Score:1

How to block Microsoft forcing Office 365 Semi-Annual systems to the Monthly update channel?

uz flag

For years, my company has followed the usual software patching strategy of every IT department I've ever worked for, which is to validate new software versions in testing before rolling the upgrade out to everyone else. For Office 365, that means most people were on the Semi-Annual update channel, with only a representative cross-section of test users on the Monthly channel. We're using SCCM to facilitate this, and it's mostly automated except for the rare occasion where updates break something and we have to postpone until we fix the problem.

About a year ago, Microsoft quietly announced that they were going to force some of their customers onto the Monthly Enterprise channel whether they wanted it or not:

Microsoft 365 Apps will be updated to Monthly Enterprise Channel on all your Office devices
Microsoft 365 semi-annual users forced to monthly updates
Microsoft Shifting Some Microsoft 365 Apps Users to Monthly Update Cycles
Microsoft to Move Office Apps to Monthly Updates for Enterprise Customers

All these articles indicate that Microsoft warned users of this change in the Admin Center, but of course nobody saw it before the May 20, 2022 opt-out deadline and we've been forced onto the Monthly Enterprise channel. This is not working for us and we need to go back to Semi-Annual, but it seems like Microsoft is deliberately frustrating any efforts to do so.

There is some invisible setting at the tenant level that doesn't appear in any of various admin pages. I have tried everything outlined in this Microsoft support article, but nothing works.
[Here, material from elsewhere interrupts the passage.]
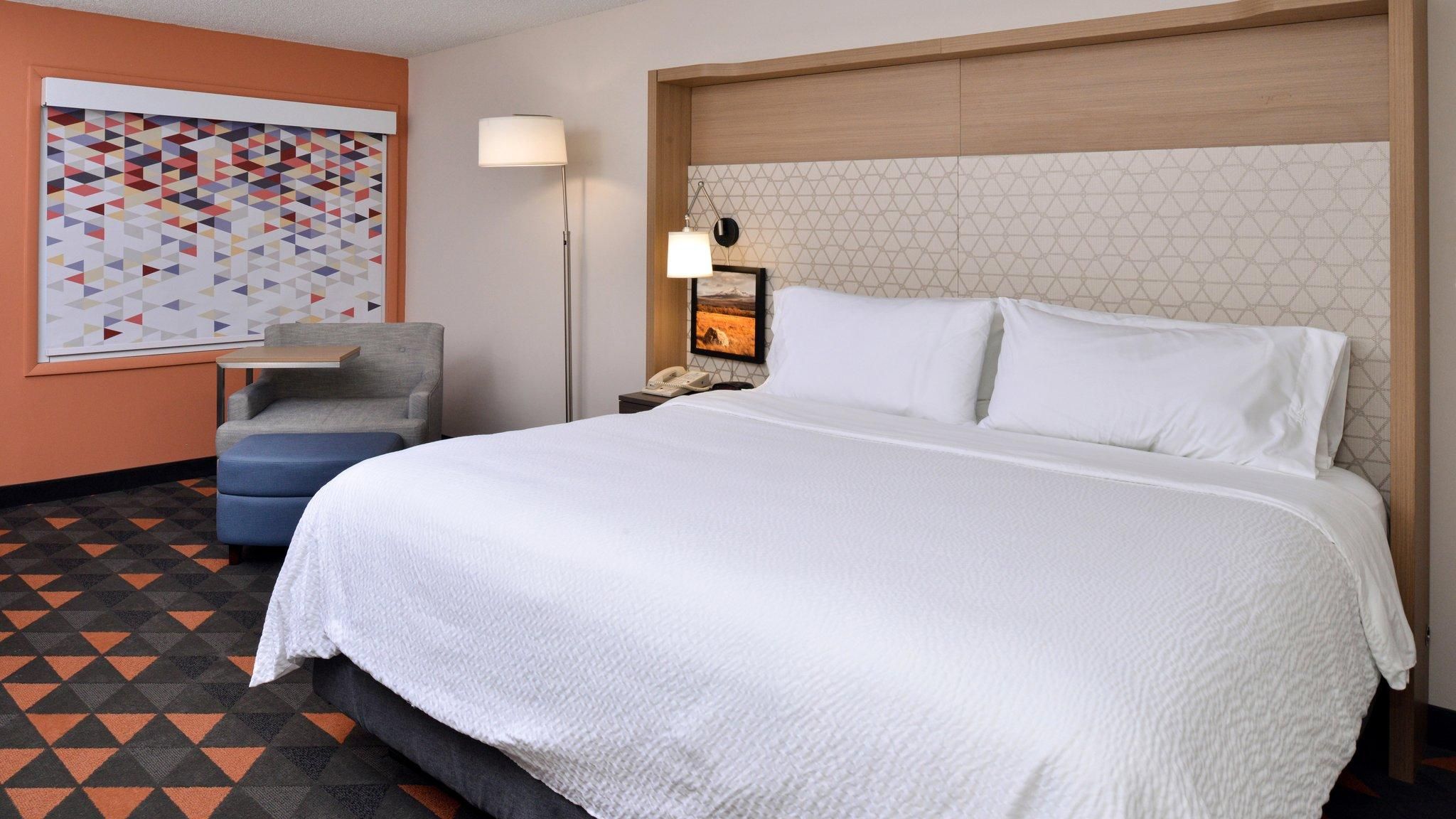 1 King Bed Standard Comm Access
  • Group Policy is set to specifically disable automatic updates and the update channel is set to Semi-Annual. I've verified the policy is being correctly applied on test computers. Office 365 is just straight-up ignoring it.
  • The Semi-Annual channel has been specified in the ODT config file and a fresh copy of Office 365 was installed on a test machine using it.
  • SCCM is set to manage the O365 client and only the Semi-Annual package and updates are available to agents.
  • I haven't set any Intune policies because our devices aren't enrolled in Intune.
  • The org-wide 365 channel default is set to Semi-Annual.
  • We do not have any servicing profiles defined in the Apps Admin Center. The only option available there is the Monthly Enterprise channel anyway. Even if I were to define one, I'd still have to create and manage an exclusion group that has every computer in it (Azure doesn't have a default "All Computers" group the way AD does).

I even wrote a shell script that removes Office 365 completely, sanitizes the registry, and reinstalls the 2202 Semi-Annual release (the last version before this change was made) with the proper ODT file and Windows updates completely disabled. After about a day, it "fixes" itself with the latest and not-so-greatest Monthly Enterprise channel update.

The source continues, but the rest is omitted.